[Brief descriptive captions]
++++++++++++++++++++
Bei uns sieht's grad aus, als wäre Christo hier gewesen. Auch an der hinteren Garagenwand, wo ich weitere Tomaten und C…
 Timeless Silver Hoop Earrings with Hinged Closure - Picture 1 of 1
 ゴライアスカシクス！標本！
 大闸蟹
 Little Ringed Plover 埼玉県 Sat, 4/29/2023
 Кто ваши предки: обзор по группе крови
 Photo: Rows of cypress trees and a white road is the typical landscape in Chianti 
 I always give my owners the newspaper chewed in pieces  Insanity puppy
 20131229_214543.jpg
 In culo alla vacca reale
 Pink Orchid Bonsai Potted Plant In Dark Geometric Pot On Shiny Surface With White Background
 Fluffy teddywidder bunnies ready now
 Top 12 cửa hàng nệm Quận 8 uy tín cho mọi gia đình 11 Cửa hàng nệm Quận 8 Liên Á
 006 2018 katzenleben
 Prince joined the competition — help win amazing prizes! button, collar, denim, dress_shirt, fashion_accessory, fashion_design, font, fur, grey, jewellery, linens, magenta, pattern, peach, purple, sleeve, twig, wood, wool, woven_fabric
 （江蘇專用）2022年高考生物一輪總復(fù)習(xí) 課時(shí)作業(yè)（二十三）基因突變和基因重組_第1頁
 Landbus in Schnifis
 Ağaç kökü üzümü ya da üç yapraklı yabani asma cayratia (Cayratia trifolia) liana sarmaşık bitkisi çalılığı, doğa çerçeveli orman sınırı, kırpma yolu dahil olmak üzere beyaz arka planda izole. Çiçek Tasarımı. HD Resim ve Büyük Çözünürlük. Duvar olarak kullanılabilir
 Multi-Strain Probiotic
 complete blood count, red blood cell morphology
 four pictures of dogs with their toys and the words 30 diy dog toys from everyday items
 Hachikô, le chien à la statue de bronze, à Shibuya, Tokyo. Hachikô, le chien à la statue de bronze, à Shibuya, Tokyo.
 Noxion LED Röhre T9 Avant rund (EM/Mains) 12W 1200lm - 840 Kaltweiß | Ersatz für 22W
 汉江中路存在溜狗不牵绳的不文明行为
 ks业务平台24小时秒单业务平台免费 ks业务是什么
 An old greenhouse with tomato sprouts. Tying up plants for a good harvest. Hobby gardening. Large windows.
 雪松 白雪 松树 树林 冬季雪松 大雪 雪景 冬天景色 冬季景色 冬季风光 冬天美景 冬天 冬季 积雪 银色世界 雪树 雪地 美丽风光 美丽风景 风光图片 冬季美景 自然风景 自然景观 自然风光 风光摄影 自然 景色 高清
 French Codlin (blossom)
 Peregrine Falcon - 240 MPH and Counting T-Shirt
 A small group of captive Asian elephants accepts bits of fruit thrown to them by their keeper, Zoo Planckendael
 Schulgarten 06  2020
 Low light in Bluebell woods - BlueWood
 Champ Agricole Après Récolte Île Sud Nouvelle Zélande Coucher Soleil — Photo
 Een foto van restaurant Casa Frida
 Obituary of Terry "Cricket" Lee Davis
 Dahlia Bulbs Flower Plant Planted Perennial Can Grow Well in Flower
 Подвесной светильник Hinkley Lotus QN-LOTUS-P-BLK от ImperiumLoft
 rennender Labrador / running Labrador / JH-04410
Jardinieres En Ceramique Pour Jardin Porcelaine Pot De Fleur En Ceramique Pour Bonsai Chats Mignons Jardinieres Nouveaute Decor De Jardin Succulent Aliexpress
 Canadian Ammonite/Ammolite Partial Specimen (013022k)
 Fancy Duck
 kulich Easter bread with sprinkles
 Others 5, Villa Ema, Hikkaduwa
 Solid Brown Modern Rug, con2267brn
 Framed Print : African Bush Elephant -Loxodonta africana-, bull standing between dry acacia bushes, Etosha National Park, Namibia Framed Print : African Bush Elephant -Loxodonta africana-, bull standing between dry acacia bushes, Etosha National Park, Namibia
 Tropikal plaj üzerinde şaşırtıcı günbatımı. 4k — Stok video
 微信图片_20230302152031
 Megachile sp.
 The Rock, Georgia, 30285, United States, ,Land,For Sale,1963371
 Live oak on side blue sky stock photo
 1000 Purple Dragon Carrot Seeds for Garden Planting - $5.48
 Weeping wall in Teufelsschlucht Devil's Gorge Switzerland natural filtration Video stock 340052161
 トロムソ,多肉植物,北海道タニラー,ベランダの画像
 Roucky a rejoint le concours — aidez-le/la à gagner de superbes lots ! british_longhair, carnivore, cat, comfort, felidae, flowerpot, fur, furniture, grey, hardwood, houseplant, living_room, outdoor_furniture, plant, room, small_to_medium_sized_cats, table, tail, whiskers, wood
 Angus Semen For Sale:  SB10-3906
++++++++++++++++++++
§ **Directions**:
Locate the line that contains "トロムソ,多肉植物,北海道タニラー,ベランダの画像", then please quote it and every line after it to the end of the entries above, exactly and with nothing else.

§ **Response to this task**:
 トロムソ,多肉植物,北海道タニラー,ベランダの画像
 Roucky a rejoint le concours — aidez-le/la à gagner de superbes lots ! british_longhair, carnivore, cat, comfort, felidae, flowerpot, fur, furniture, grey, hardwood, houseplant, living_room, outdoor_furniture, plant, room, small_to_medium_sized_cats, table, tail, whiskers, wood
 Angus Semen For Sale:  SB10-3906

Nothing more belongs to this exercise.